Hey, good illustrations. The one thing that really bummed me about being paired up with you to do this Breakfast Table gig was knowing that you’d effortlessly outdraw my sorry ass, and that’s even when you’ve got a color pallette tied behind your back. Well, at least I have my new, post-Central Asian Diet Plan waistline–lose 36 pounds in 28 days! (really)–to comfort me.
I’m glad you brought up the weirdness of the George Quincy Bush (yes! let’s nominate the frat-boy son of a loser do-nothing president!) campaign. On my Los Angeles radio show this past Saturday I did a facetious “Welcome to the Left” bit embracing GWB’s new move to the progressive side. I announced that I had it on good authority that he was going to end capitalism, nationalize industry, eliminate pay inequity, and institute forced collectivization, all while playing Billy Bragg’s “Waiting for the Great Leap Forward” underneath my monologue. I went too far by reminding voters that Clinton turned out not to be lying about being a New Democrat (i.e., conservative Democrat), so perhaps Bush is telling the truth about really caring about poor people. (Hey, maybe he’s rebelling against dad late in life.)

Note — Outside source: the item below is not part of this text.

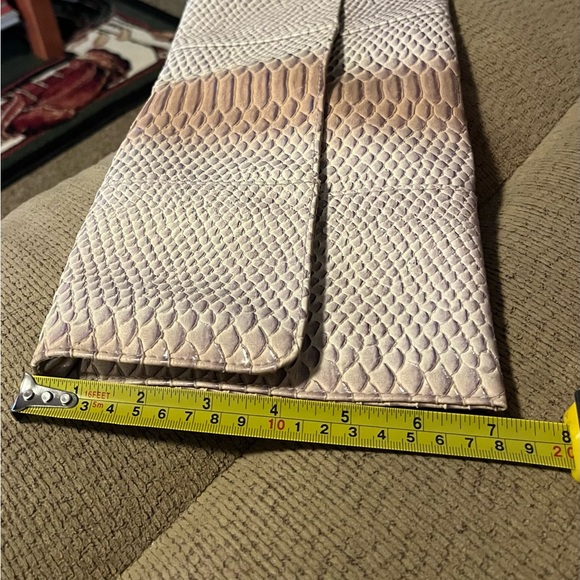 Jessica McClintock croc clutch - Picture 4 of 7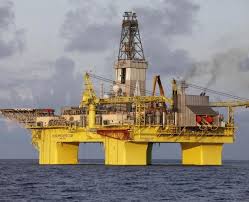 Oil Rig Nearing Drilling Site Otago Daily Times Online News In 2020 Oil Platform Oil Rig Oil Rig Jobs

In any event, my lines were jammed with callers seemingly unaware of the joke; several worried aloud that May 4th farms were around the corner from next November. Ah, if only it were true. But the point here remains sound–the two-party system, perhaps the most stupid political structure ever conceived, is dead if you can convince people that Bush is a leftist and Clinton can still pass himself off as a liberal after pushing through NAFTA, GATT, and that rancid welfare-reform bill–not to mention signing countless death warrants as governor of Arkansas. Personally I’m a fan of European-style parliamentary democracy; even fringes of the electorate get represented. But at least with single-party dictatorship, you get efficiency. Two parties give you paralysis, and worse than that, the illusion of choice between two virtually identical wholly owned subsidiaries of corporate America.
As for the Diva (now I’m calling her that!), anyone who worked on that Dukakis campaign is by definition a moron. I walked in, and right out, of his New York HQ when I saw how disorganized they were (nobody was there to answer the phone or unlock the front door), and that was the last time I ever considered participating in allegedly organized party politics.